* [WHAT THIS TASK INVOLVES]:
Print the data exactly. Pictures stay out.

==== GIVEN INFORMATION ====

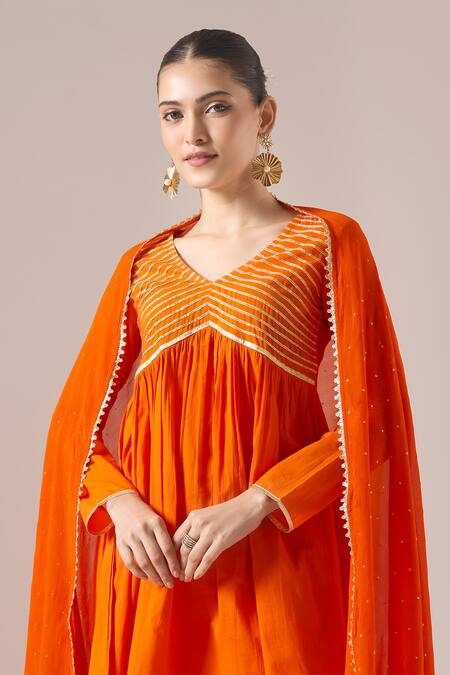 Buy Naintara Bajaj Orange Cotton Gota Patti V-neck Work Kurta Sharara Set Online at Aza Fashions Buy_Naintara Bajaj_Orange Cotton Gota Patti V-neck Work Kurta Sharara Set _Online_at_Aza_Fashions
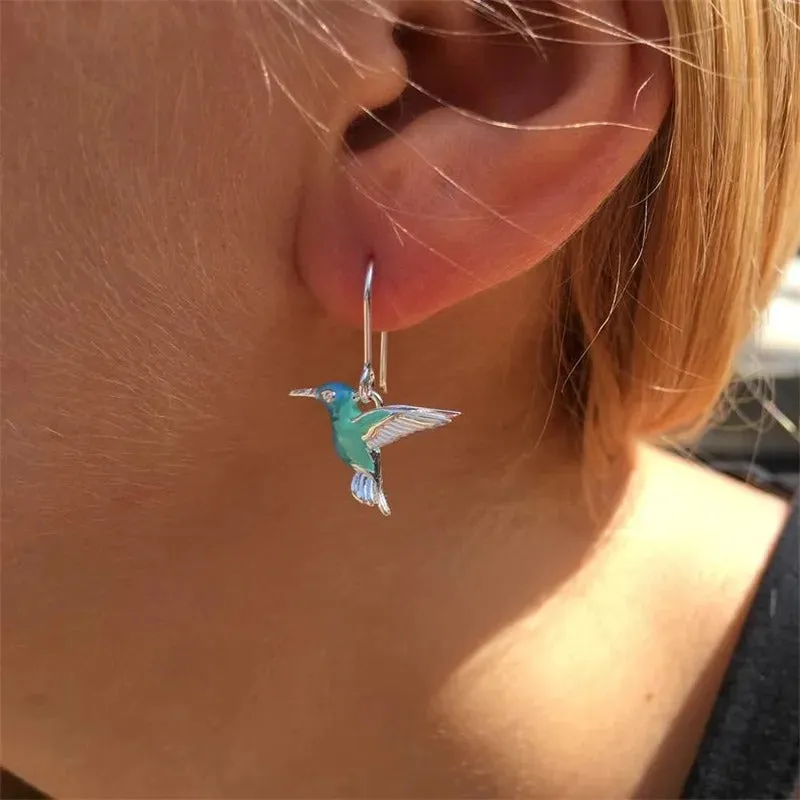 Delicate Nature-Inspired Hummingbird Design Earrings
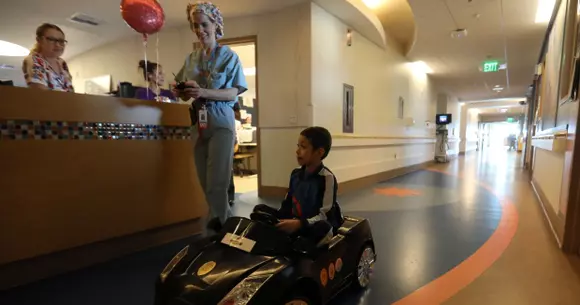 La un spital din San Diego cei mici "șofează" spre sala de operație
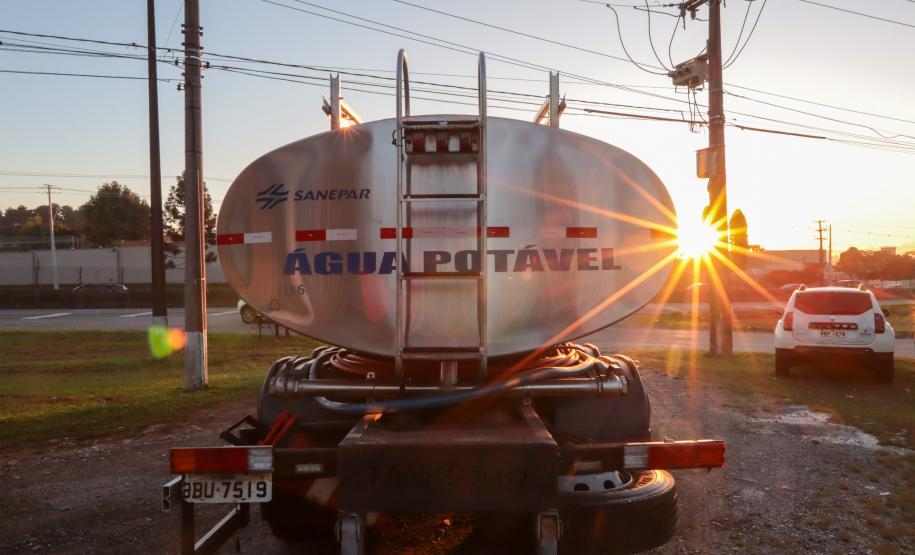 Sanepar envia caminhões-pipa para ajudar Rio Grande do Sul com abastecimento, na manhã desta terça-feira (7) cinco caminhões-pipa, cada um com capacidade para até 12 mil litros de água seguiram destino ao Sul.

====

* [EXERCISE RESPONSE]:
 Buy Naintara Bajaj Orange Cotton Gota Patti V-neck Work Kurta Sharara Set Online at Aza Fashions Buy_Naintara Bajaj_Orange Cotton Gota Patti V-neck Work Kurta Sharara Set _Online_at_Aza_Fashions
 Delicate Nature-Inspired Hummingbird Design Earrings
 La un spital din San Diego cei mici "șofează" spre sala de operație
 Sanepar envia caminhões-pipa para ajudar Rio Grande do Sul com abastecimento, na manhã desta terça-feira (7) cinco caminhões-pipa, cada um com capacidade para até 12 mil litros de água seguiram destino ao Sul.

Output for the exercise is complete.